L'artiste de 29 ans qui connaît déjà le succès à l'international a tout de même offert à son public un concert d'une intimité rarissime. C'est en enchaînant « Looping », « Meaningless » et « Puppy » que la chanteuse a ouvert le bal, oscillant ensuite entre ses plus grands succès, que tous chantaient en chœur, et ses dernières sorties. Certaines chansons, comme « Way Back », « Dirty Dirty », ou « Phoenix », interprétées avec beaucoup de liberté, prenaient une tout autre dimension avec la participation de son orchestre en direct. Voyez un extrait au bas de l'article.

Au niveau de la direction artistique, les jeux de lumière et projecteurs étaient plutôt minimalistes et sans artifice, sachant mettre en valeur la chanteuse et ses musiciens aux moments opportuns. Seul pépin de la soirée? Un mini problème technique qu'elle a vite désamorcé et qui est passé presque incognito. La vedette a profité de l’aparté de quelques secondes pour s’adresser de façon complice au public et souligner le travail remarquable de son équipe.  

Alternant entre chorégraphies désinvoltes, guitare électrique en main et des mélodies au piano, l'heure et demie de musique qu'offre Charlotte à ses fans dans ce spectacle s'envole en un instant. Puis, c'est sous l'effervescence du populaire titre « Confetti » que des milliers de poussières d'étoiles ont jailli du plafond et que l'artiste a clôturé son spectacle. Jusqu'à ce que...

Surprise, surprise!

Charlotte Cardin est réapparue, pour un rappel remarquable. Vivez le moment dans l'extrait vidéo placé en entête. « Je ne vais jamais oublier cette soirée. Et comme vous le savez, je suis à la maison, on est à la maison ce soir, on est entre nous. Et j’avais envie qu’on fasse quelque chose d’intime, j’avais envie de finir le spectacle sur une note juste à nous, quelque chose qui était intime et doux. Et ça fait 10 ans que j’essaie de trouver une façon de chanter avec la personne que je vais vous présenter dans quelques instants. Ça fait 10 ans que je suis vraiment en amour avec sa voix et je trouve que c’est vraiment l'une des plus belles voix qu’on a. On n'a jamais été capables de trouver un moment qui adonnait pour chanter ensemble avant ce soir. » C'est ainsi que Devon Portielje, le leader du groupe indie rock québécois Half Moon Run, s'est joint à la chanteuse sur scène.

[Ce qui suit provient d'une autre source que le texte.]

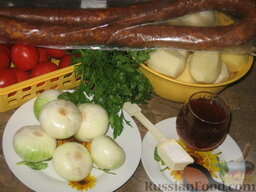 Картофель по-португальски: Помидоры режем дольками, измельчаем лук полукольцами и мелко режем петрушку. Картофель чистим и крупно режем (на 4 части вдоль).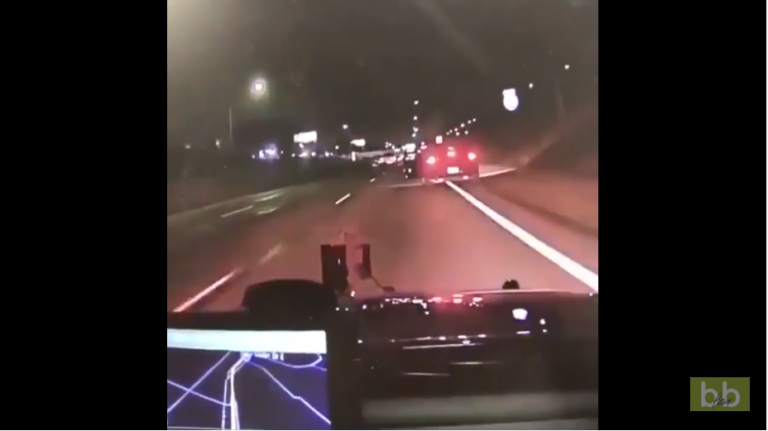 Un suspect saute de sa voiture en marche pendant une course poursuite avec la police
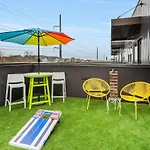 Apartment Huge Private Patio With Games & Skyline Views *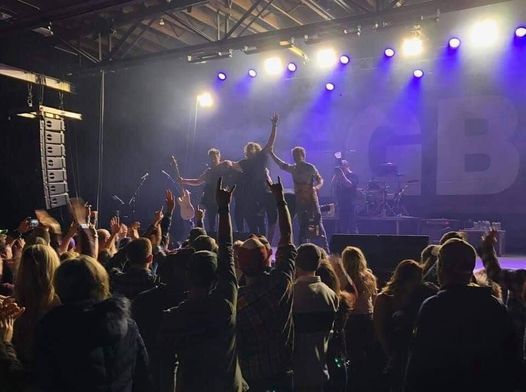 sold-out-farm-concert-series-ft-gunnar-the-grizzly-boys-3025-6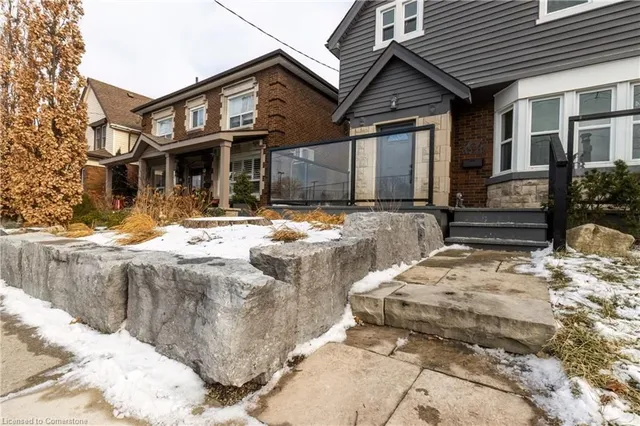 Additional image 23 of 106 Weir St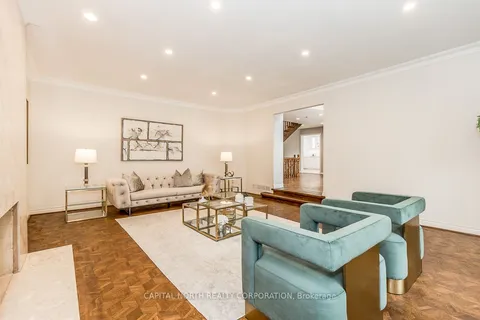 4 Prescott Court, ON L3T 5W7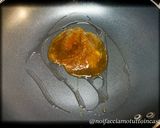 Foto del passaggio 2 della ricetta Quaglie Arrosto Saporite al Mandarino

Ensemble, ils ont livré une version unique de « Daddy », puis de « Sun Goes Down », avant qu'une silhouette connue se glisse discrètement au piano.

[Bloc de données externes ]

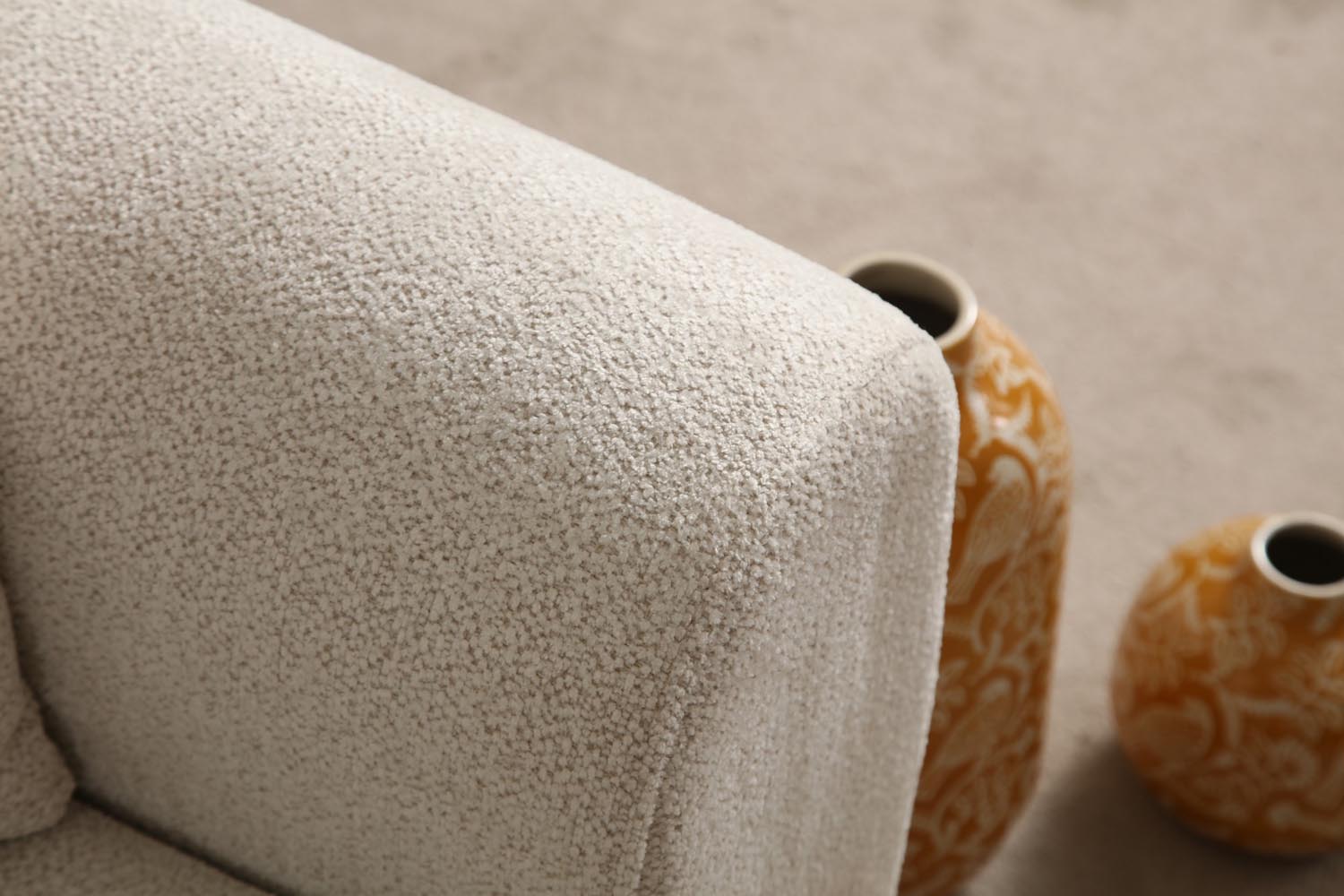 Lyke 3 Seater - Cream in Sahne präsentiert im Onlineshop von KAQTU Design AG. Bettsofa ist von Atelier Del Sofa
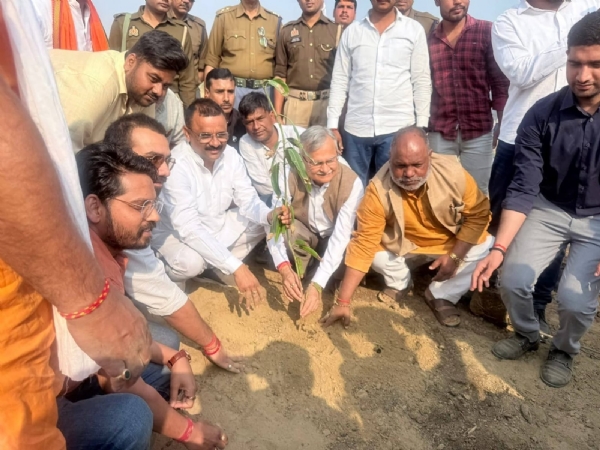 वैश्विक पौधरापण में भागीदारी करती महिलाएं और स्कूली बच्चे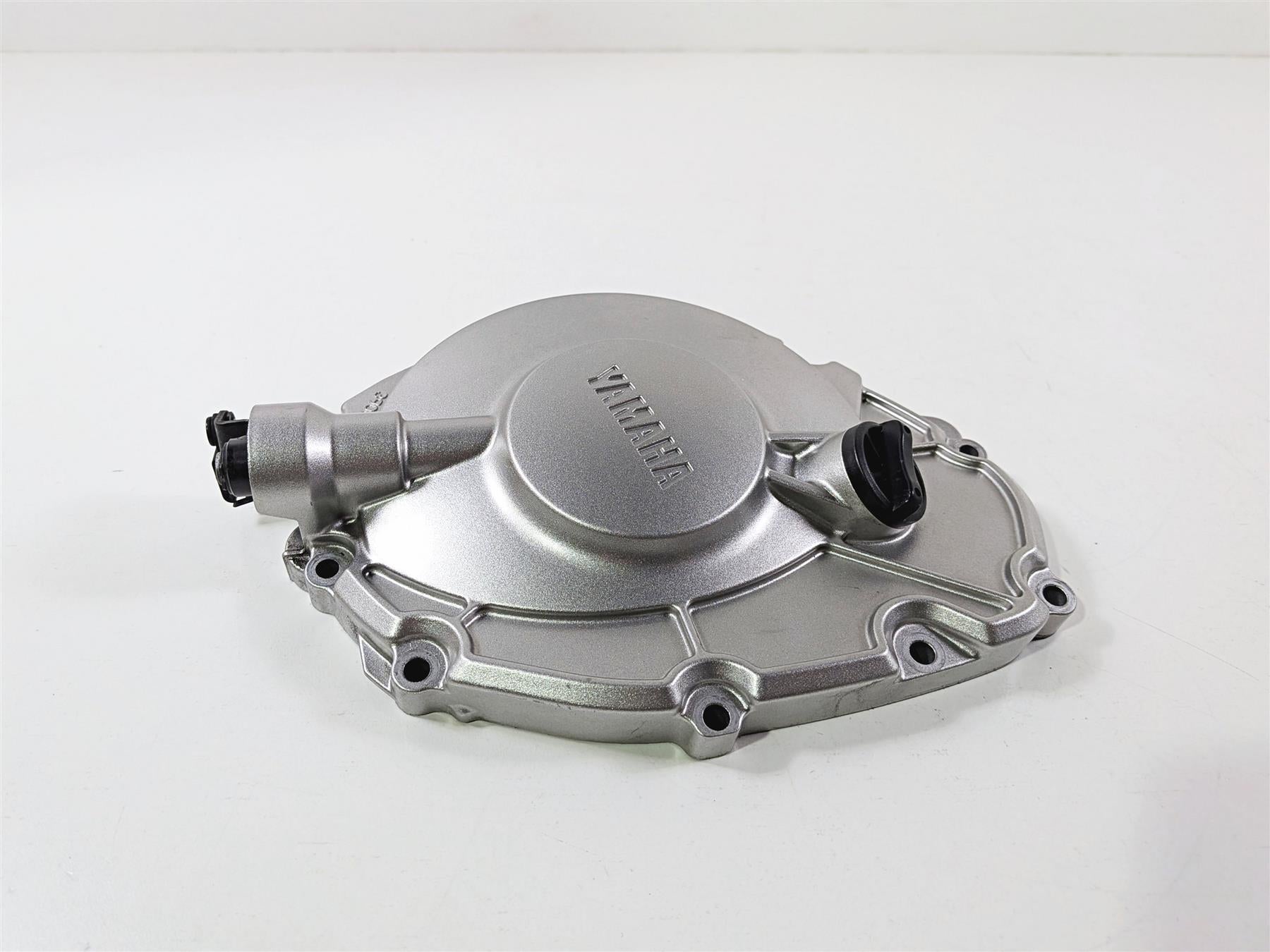 2016 Yamaha YZF R1 RN32 Silver Clutch Cover B60-15421-00-00 {{ shop.shopifyCountryName }} - Mototech271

Enfin, parce qu'une surprise n'attend pas l'autre, c'est l'habile et acclamé Patrick Watson qui s'ajoutait au duo, devant une foule complètement ébahie. Ce n'est pas la première fois que l'auteur-compositeur-interprète travaille avec Charlotte, comme ils ont coécrit le titre « Next to you ». C'est d'ailleurs sur cette œuvre que le trio bouclait la soirée, après avoir offert une version de « Je te laisserai des mots » qui a tiré des larmes à de nombreux spectateurs. Est-ce le moment où l'on peut crier au tour du chapeau?

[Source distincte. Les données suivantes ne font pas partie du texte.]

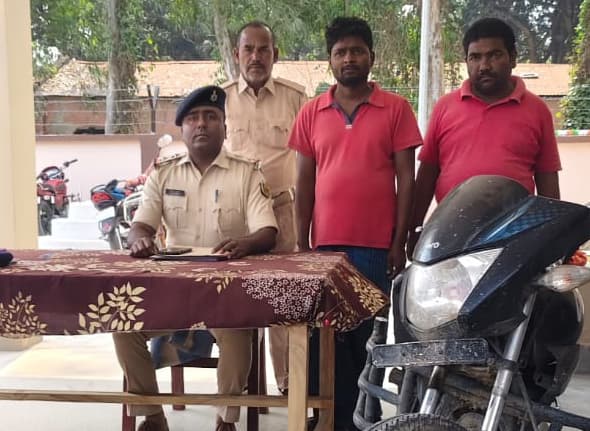 अमौर से चोरी की बाइक के साथ दो शातिर गिरफ्तार
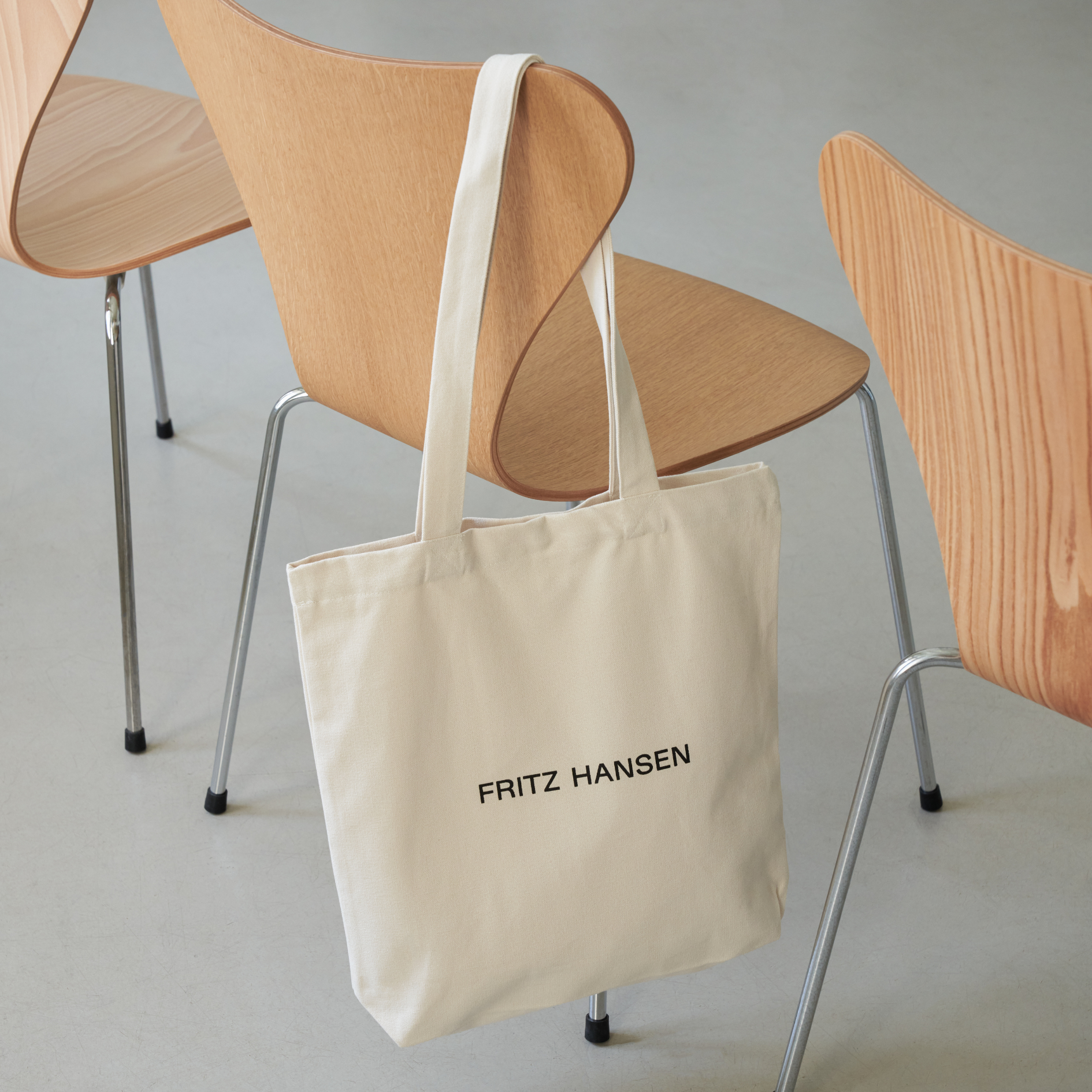 Series 7 Chair Clear Lacquered Veneer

Rappelons qu'avec la publication de 99 Nights, 99 Nights Deluxe et le EP Une semaine à Paris, dans les derniers mois, la discographie de Charlotte Cardin s'est élargie, livrant le cheminement de la jeune femme avec encore plus d'authenticité. C'est probablement pour cela qu'elle est l'artiste la plus nommée aux Juno cette année.

Tantôt émouvante par sa simplicité inimitable, tantôt munie d'une élégante sensualité qui illustre bien sa part de mystère et de complexité artistique, mais toujours, toujours entraînante, Charlotte est une artiste dont le Québec peut être fier.